* **GOAL OF THE EXERCISE**
Exactly the lines below from the line with "Darren Ross - YAHOO" through the line with "Clobetasol 0.05% Crema 30 Gr Mk - Imagen 2" must make up the answer, both ends included and pictures left out.

[Saved data entries]
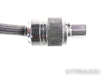 Shunyata Sidewinder VTX Power Cable; 6ft AC Cord
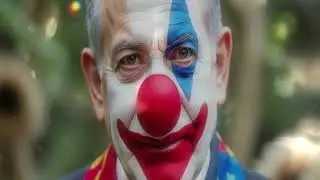 Darren Ross - YAHOO (Benjamin Netanyahu) (Visualizer)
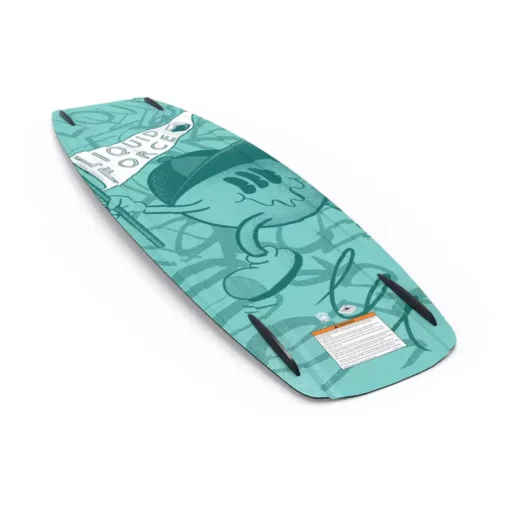 Liquid Force Holliday Fs 2025 - 2025 liquid force holiday fs wakeboard - Liquid Force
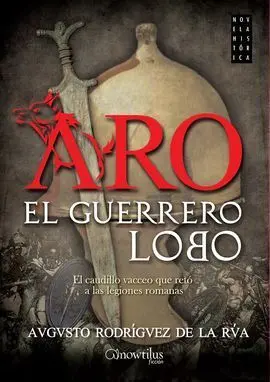 Aro el Guerrero Lobo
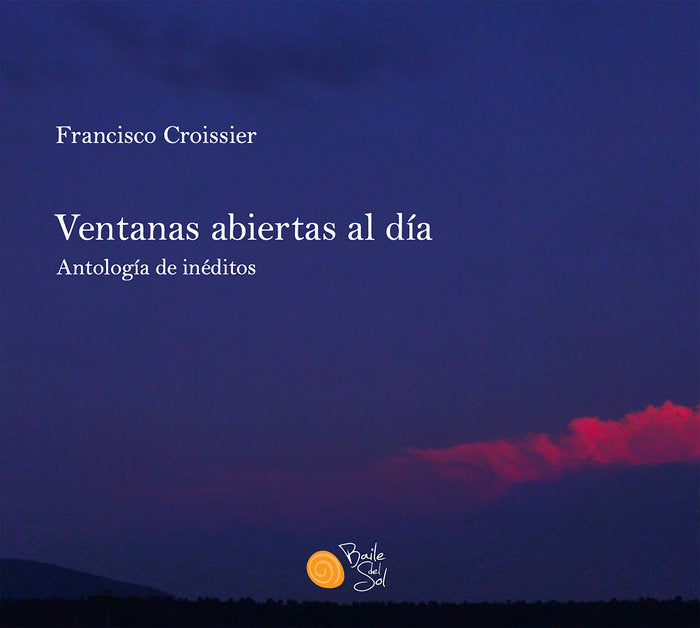 VENTANAS ABIERTAS AL DÍA, de Croissier, Francisco | portada del libro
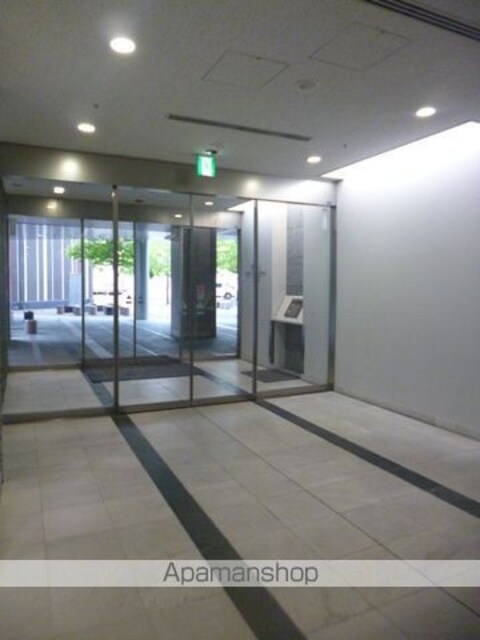 イーストコア曳舟一番館[1DK/37.03m2]の共用部6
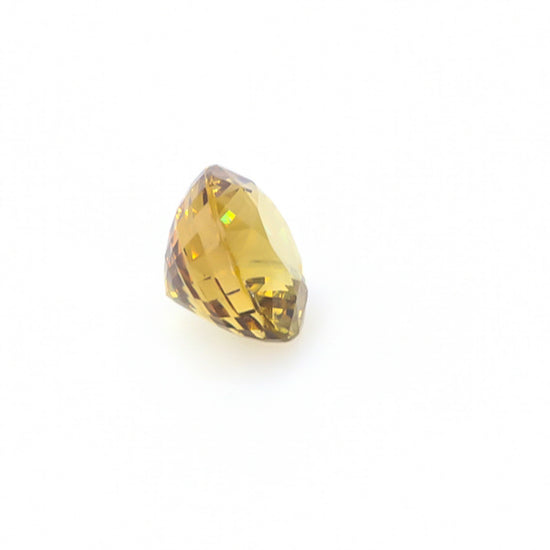 Natural Chrysoberyl 8.09 Carats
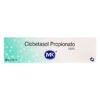 Clobetasol 0.05% Crema 30 Gr Mk - Imagen 2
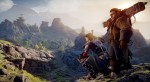 9 минут нового геймплея Dragon Age: Inquisition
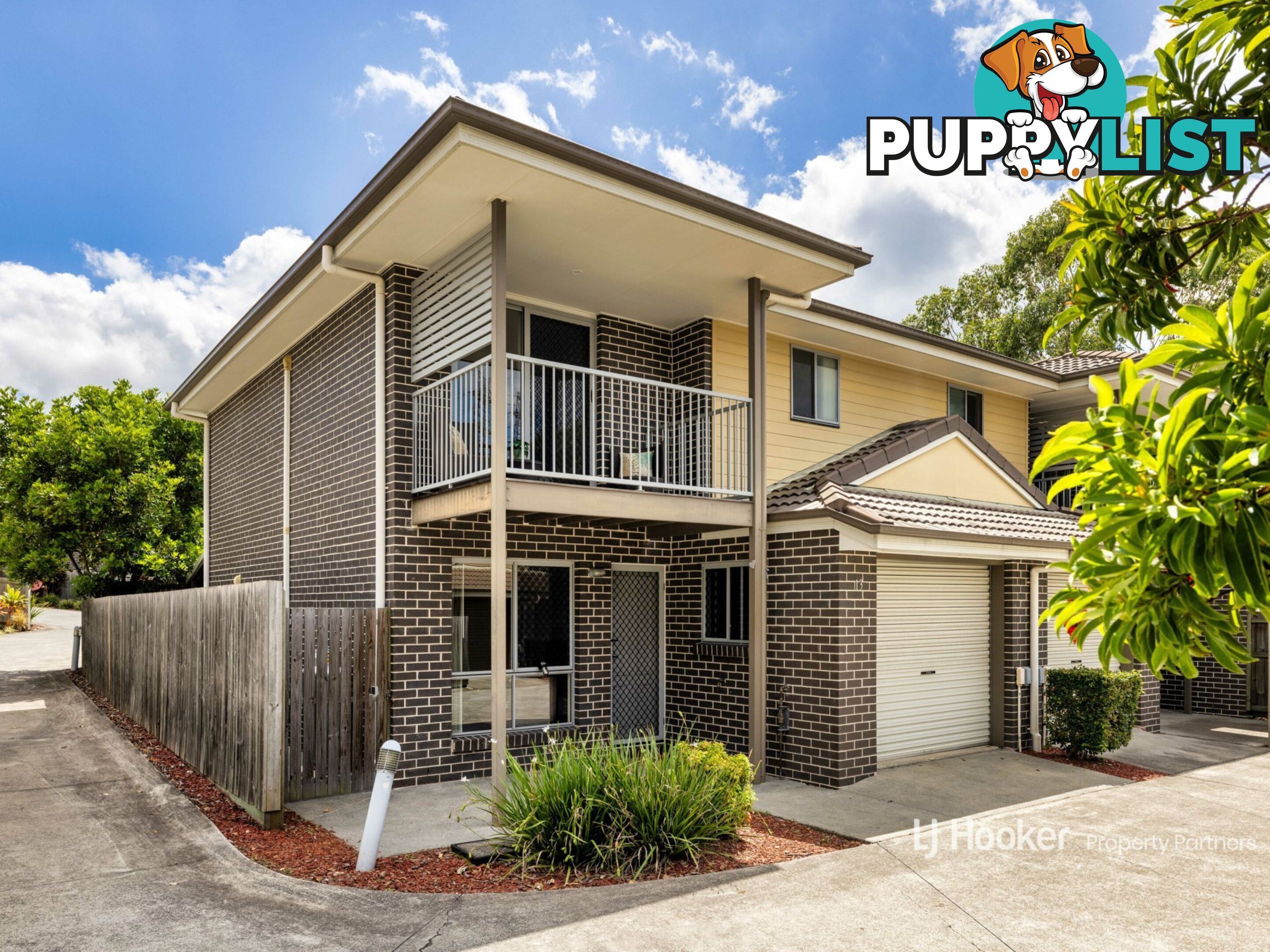 13/11 Corella Place RUNCORN QLD 4113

* **SOLUTION**
 Darren Ross - YAHOO (Benjamin Netanyahu) (Visualizer)
 Liquid Force Holliday Fs 2025 - 2025 liquid force holiday fs wakeboard - Liquid Force
 Aro el Guerrero Lobo
 VENTANAS ABIERTAS AL DÍA, de Croissier, Francisco | portada del libro
 イーストコア曳舟一番館[1DK/37.03m2]の共用部6
 Natural Chrysoberyl 8.09 Carats
 Clobetasol 0.05% Crema 30 Gr Mk - Imagen 2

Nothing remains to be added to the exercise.